Giovanni Boccaccio è il primo grande scrittore italiano che usò in campo della prosa il volgare italiano. Le sue opere sono caratterizzate da un'esplicita consapevolezza teorica. Amico del più vecchio Petrarca e grande studioso di Dante, nella sua vita si impegnò, oltre che nella scrittura, nella costante ricerca e trascrizione di opere classiche.

La vita[modifica]

Della sua vita ci rimane un'autobiografia di dubbia attendibilità, abbiamo poche informazioni soprattutto sulla sua infanzia. Dopo tutto è possibile ricostruire la sua vita, che si può suddividere in sei fasi:

  • infanzia fiorentina (1313-1327)
  • adolescenza napoletana (1327-1340)
  • primo decennio di attività fiorentina (1340-1350)
  • secondo decennio di attività fiorentina (1350-1360)
  • ritiro a Certaldo (1360-1365)
  • ultimo decennio fiorentino-certaldese (1365-1375)

Infanzia fiorentina (1313-1327)[modifica]

Nacque presso Firenze o Certaldo all'estate (tra giugno e luglio) del 1313, un periodo in cui andava affermandosi il ceto mercantile.
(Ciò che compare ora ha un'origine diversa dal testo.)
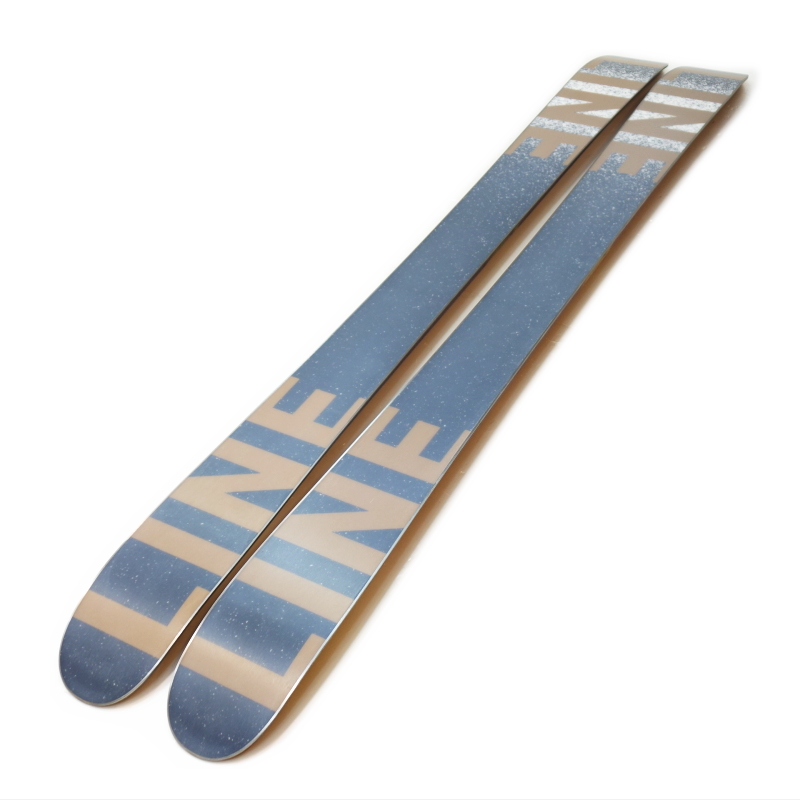 【お値下】【子どもも使えるファット】Line Bacon 145cm スキー板 お値下】【子どもも使えるファット】Line Bacon 145cm スキー板 【公式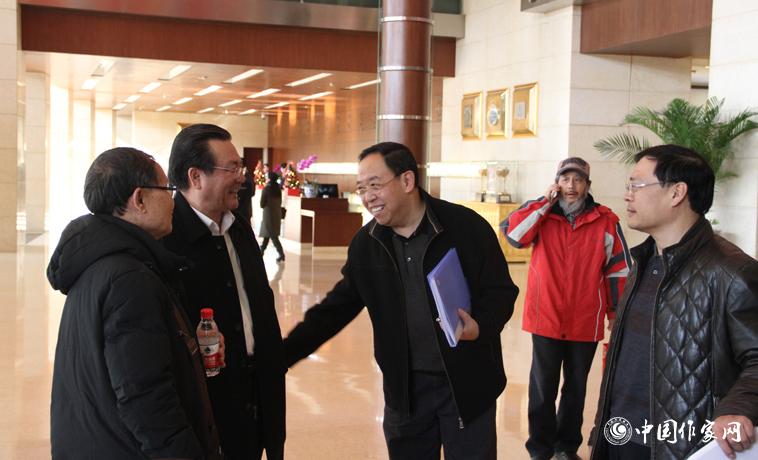 11月28日，中國作協第九次全國代表大會與會代表在報到時交談。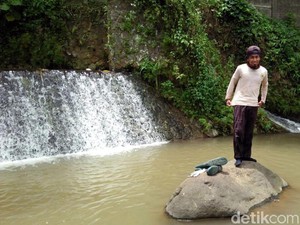 Rahmat Bikin Rock Balancing Disela Memungut Sampah di Sungai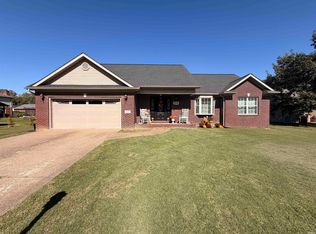 612 Southbrook Dr, Evansville, IN 47711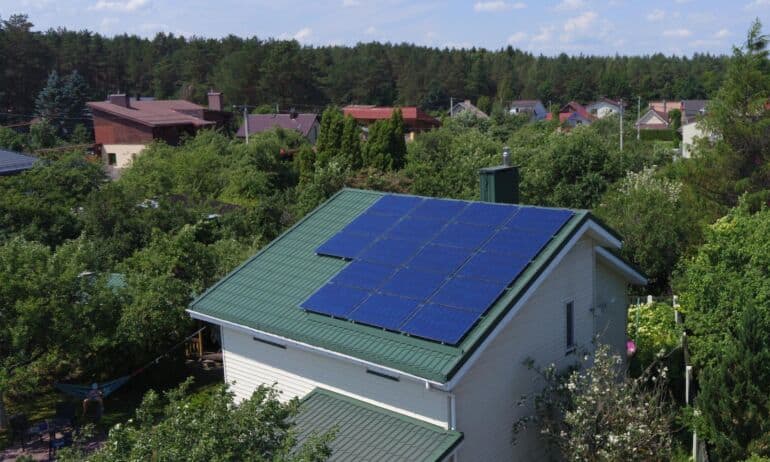 Saulės jėgainių saugumas: ar jos gali užsidegti?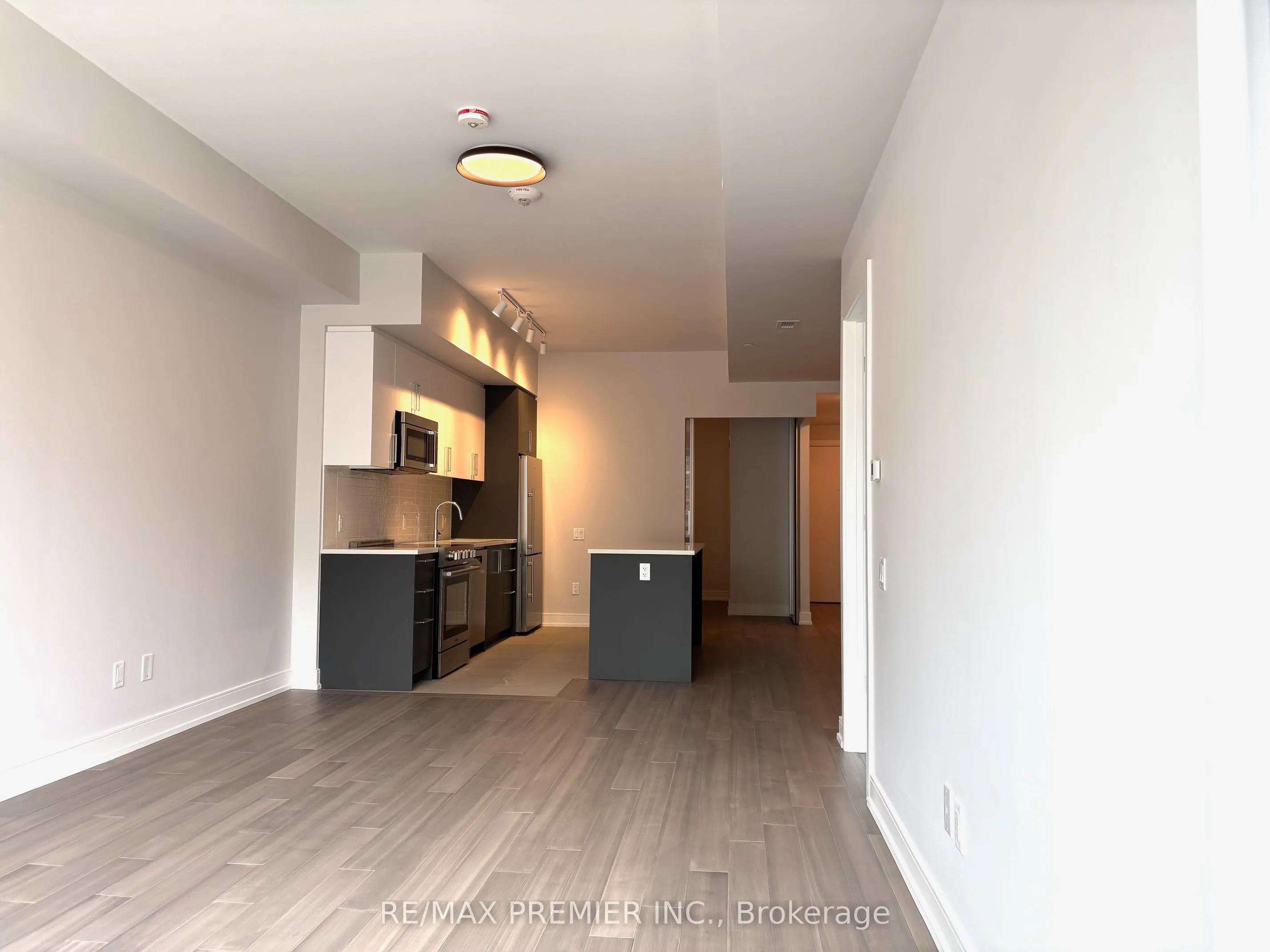 664 Spadina Avenue #505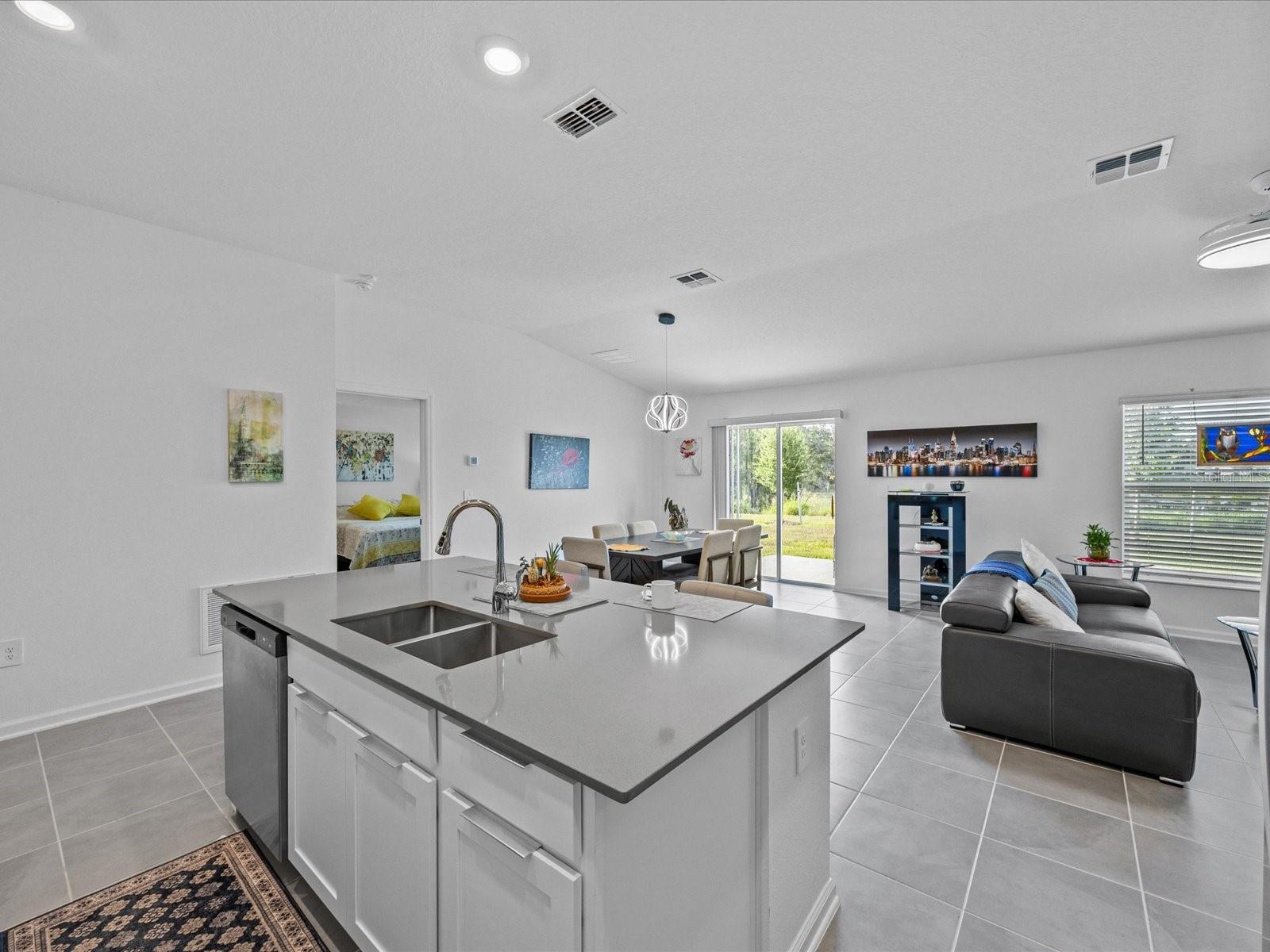 ASTONIA NORTH - Residential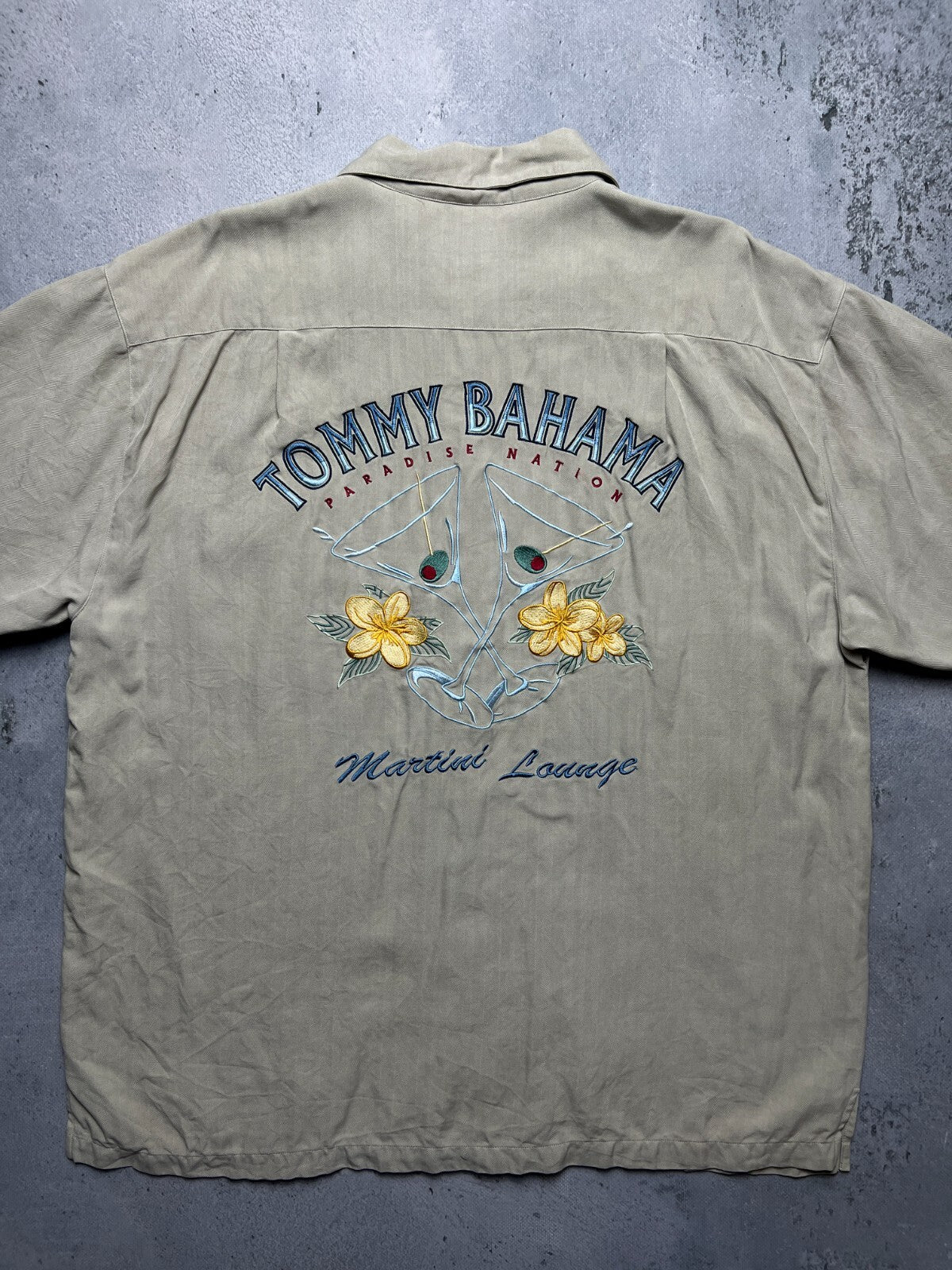 Tommy Bahama Beige 100% Silk Hawaiian Button Up Shirt y2k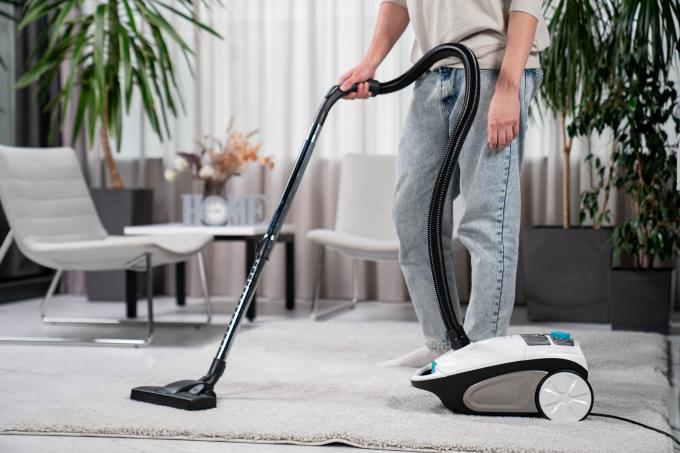 Ardesto VC-I-B800W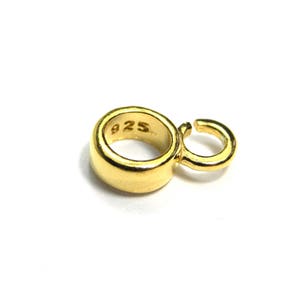 Puede incluir: Anillo de salto de metal dorado con un sello 925, un bucle redondo y un peque&ntilde;o gancho.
Egli stesso era un figlio illegittimo di un mercante, Boccaccino di Chelino, che lo riconosce e gli avvia gli studi e la carriera mercantile. Matura per la poesia dantesca una grande passione, contrariamente alla volontà del padre, che lo voleva avviare agli studi per farlo diventare mercante.

Giovinezza napoletana (1327-1340)[modifica]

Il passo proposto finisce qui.